The statistic comes from Attorney General Martha Coakley’s new Report on Professional Solicitations for Charity.
It states that professional solicitors, who are people, even outside agencies. paid to attract donors take the other 49%. Greater Springfield’s Habitat for Humanity is listed in the report and maintains that’s not the case. “I do know there are organizations that use paid solicitors, most local nonprofits use internal paid solicitors, so, part of the staffing. so in this organization, I’m actually am the Executive Director, but I wear many hats, so I’m also the Paid Development Officer which means I manage the relationships for raising funds,” said Jennifer Schimmel, Habitat’s Executive Director.
She explains that organizations like hers are under a much larger umbrella, Habitat for Humanity International. While nationally they may use another type of solicitor at the local level they spend only 3% of donations to make the $1 million needed to sustain their programming.
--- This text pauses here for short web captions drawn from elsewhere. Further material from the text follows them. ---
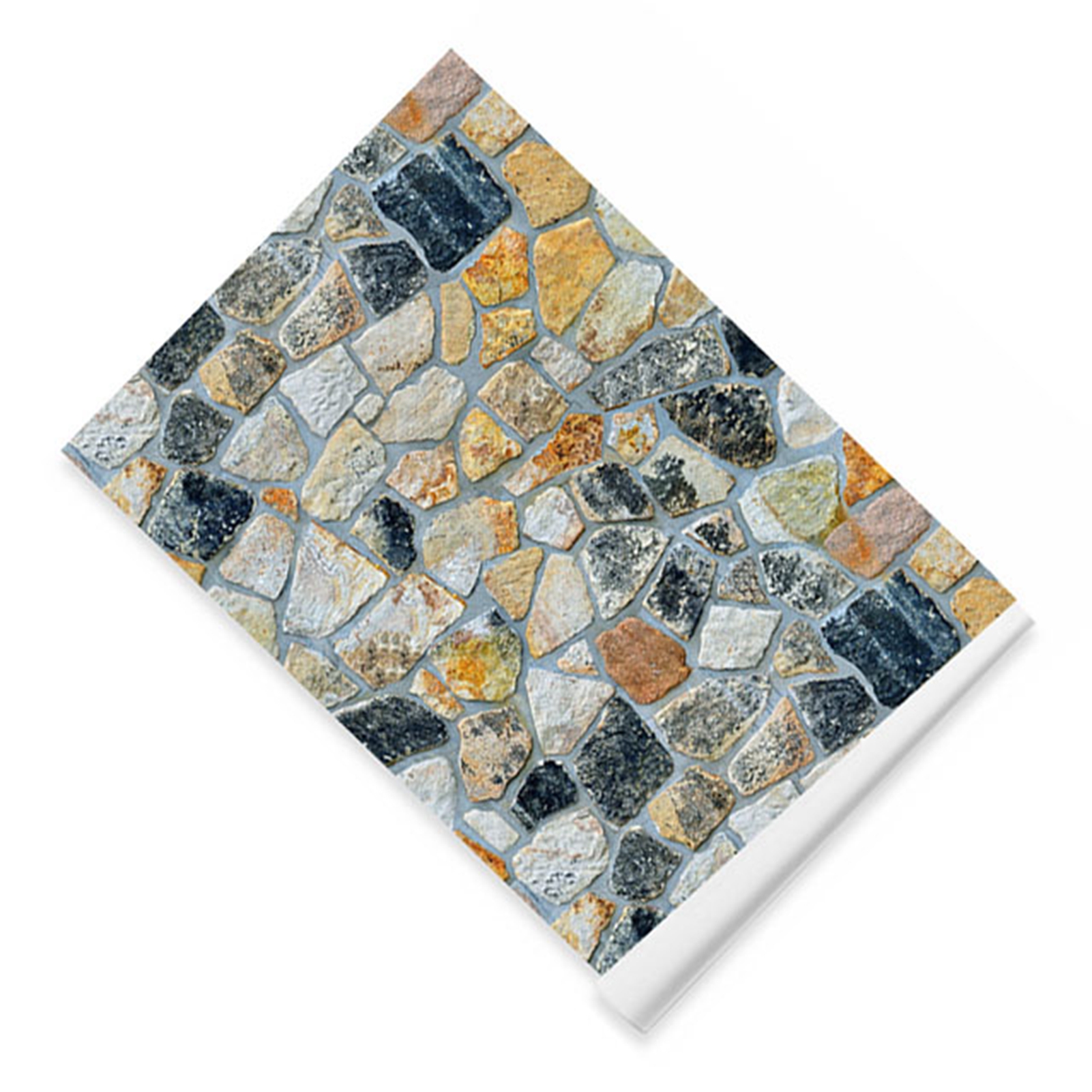 45 Cm X 10 M Steinimitat-tapete, Wandaufkleber Mit Ziegelmaserung, Farbenfrohes Felsmuster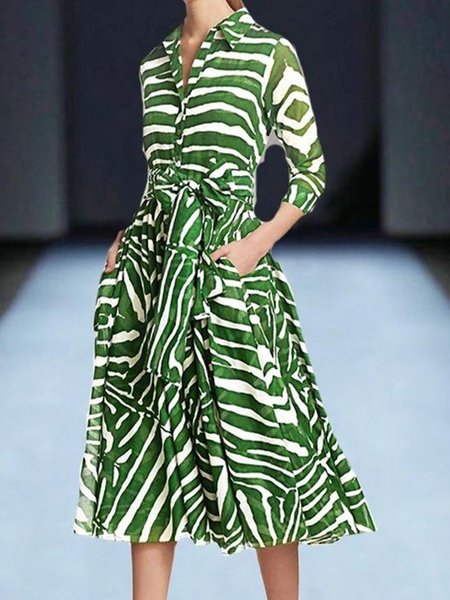 strisce Lavoro Midi Gonna, Verde, Dresses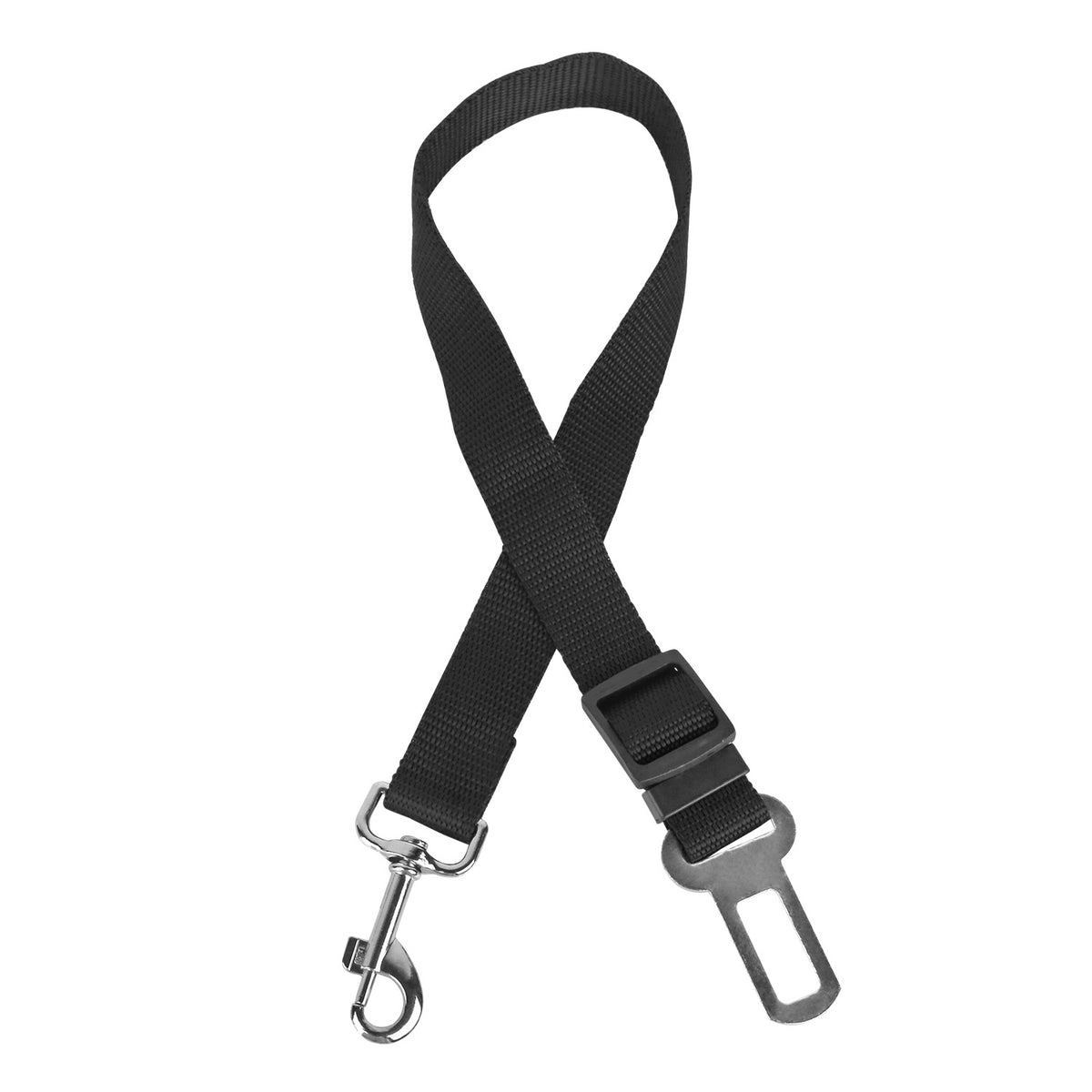 Adjustable pet car seat belt - single strap with seatbelt buckle clip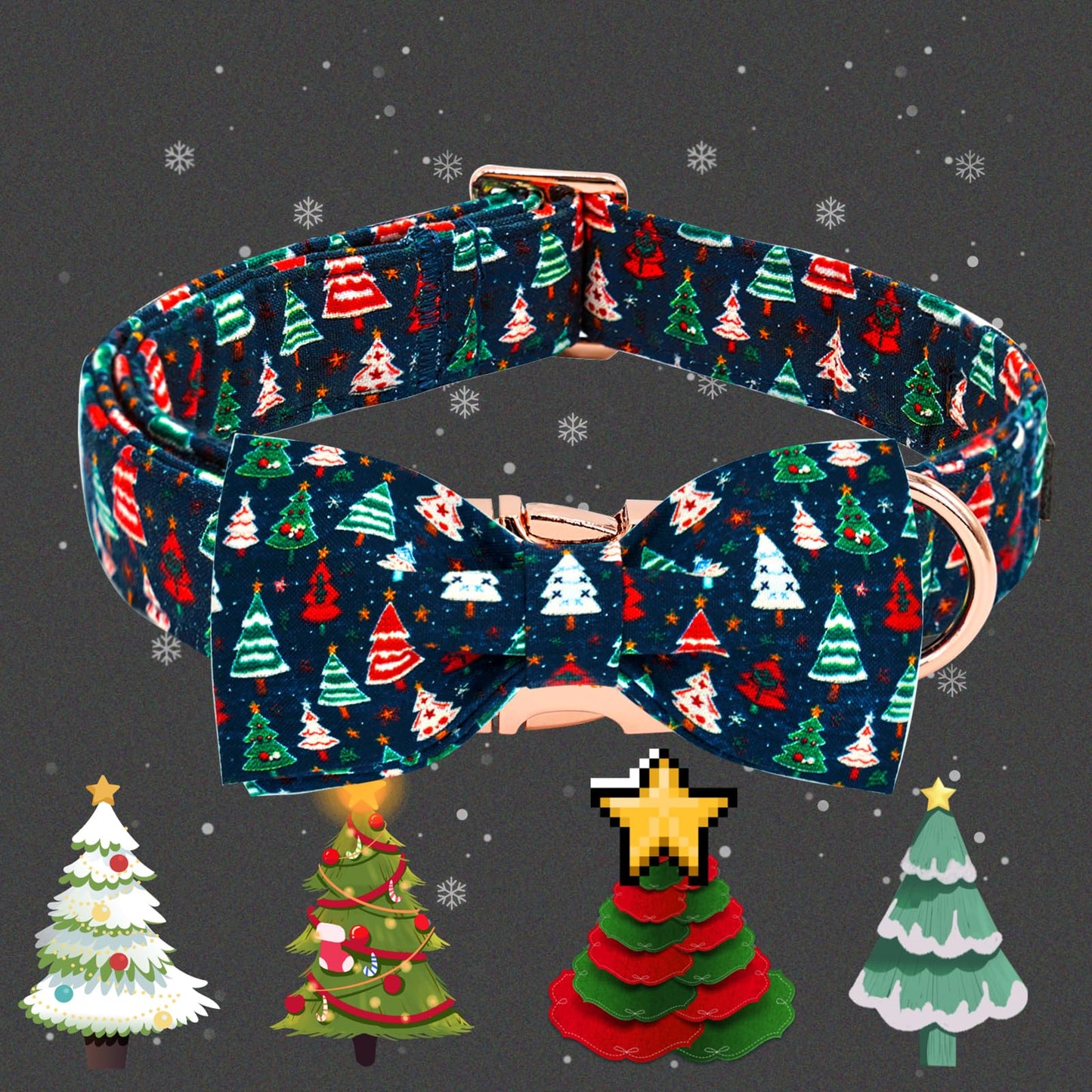 Elegant little tail Christmas Dog Collar, Christmas Tree Pet Collars Bow Red Metal Buckle Collar Puppy Girl Boy Holiday Cotton Soft Bowtie Adjustable Dog Collar for Large Dogs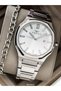 Men's Wristwatch, Silver Color Steel Band, White Dial with Calendar, Stylish Box+ Chain Bracelet - 3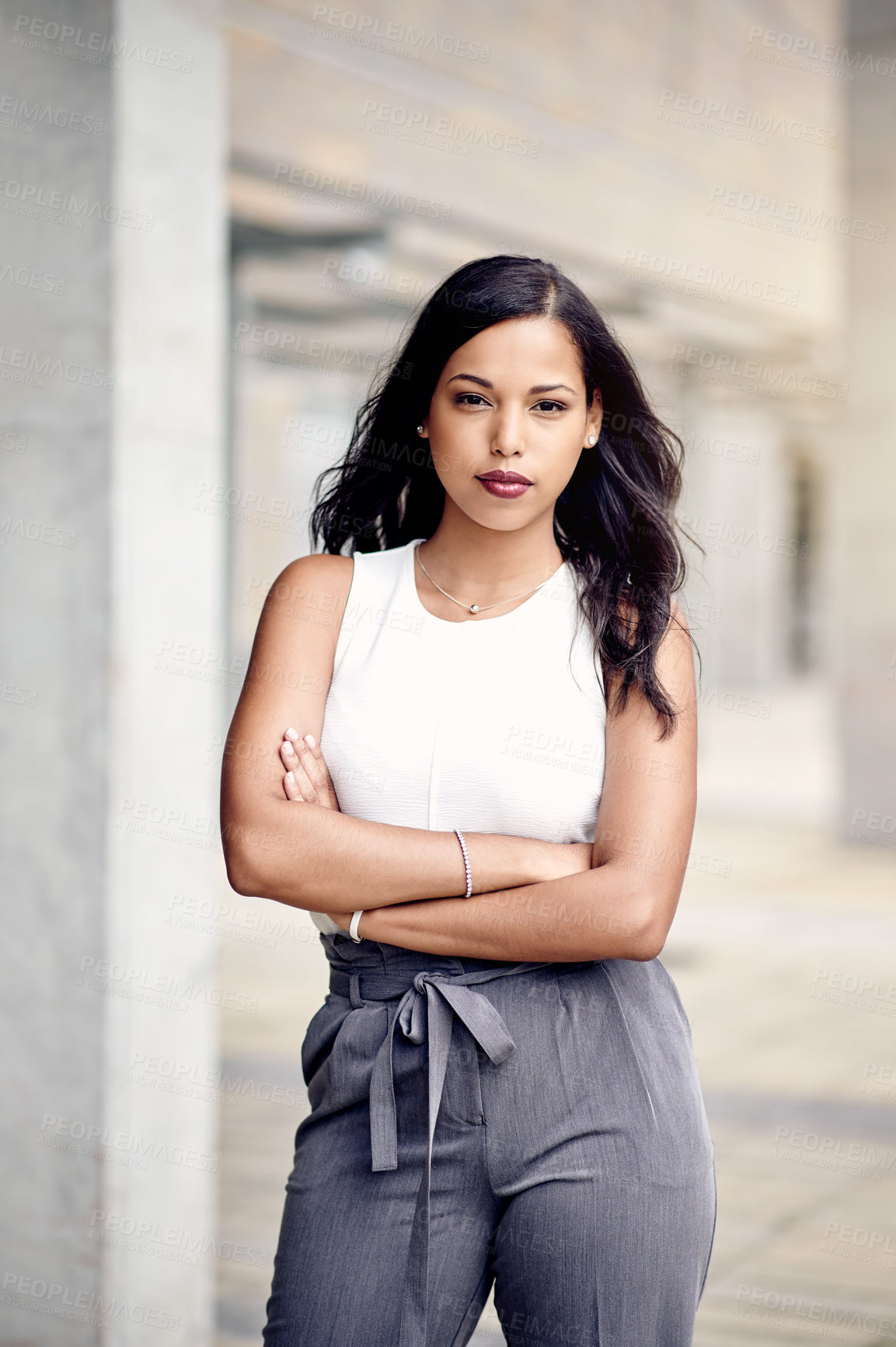 Buy stock photo Woman, serious or lawyer with arms crossed in agency for professional ambition or portrait. Office, confident or female attorney with pride for legal career, about us or mission for justice in job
Schimmel is afraid that if people get the wrong idea, it could hurt their local donations, especially during this time of year. “Most people don’t get the whole story and they hear that Habitat is not a good product to buy into that makes me nervous. In order for us to support the local families that have a great need for housing, we really need people’s support. And now’s the time of year when people are really giving, it causes me a little bit of panic,” Schimmel admitted.
There’s no minimum requirement that a solicitor must pass on to a charity.
If you’re contacted by one, you can ask how much of the dollar amount you’re donating will actually go to the organization. You can also ask for a list of services it offers the public.
That solicitor is required by law to give up that information.
In 2011, Professional Solicitors collected over $388 million. Of that, only $190 million made it to the actual charity.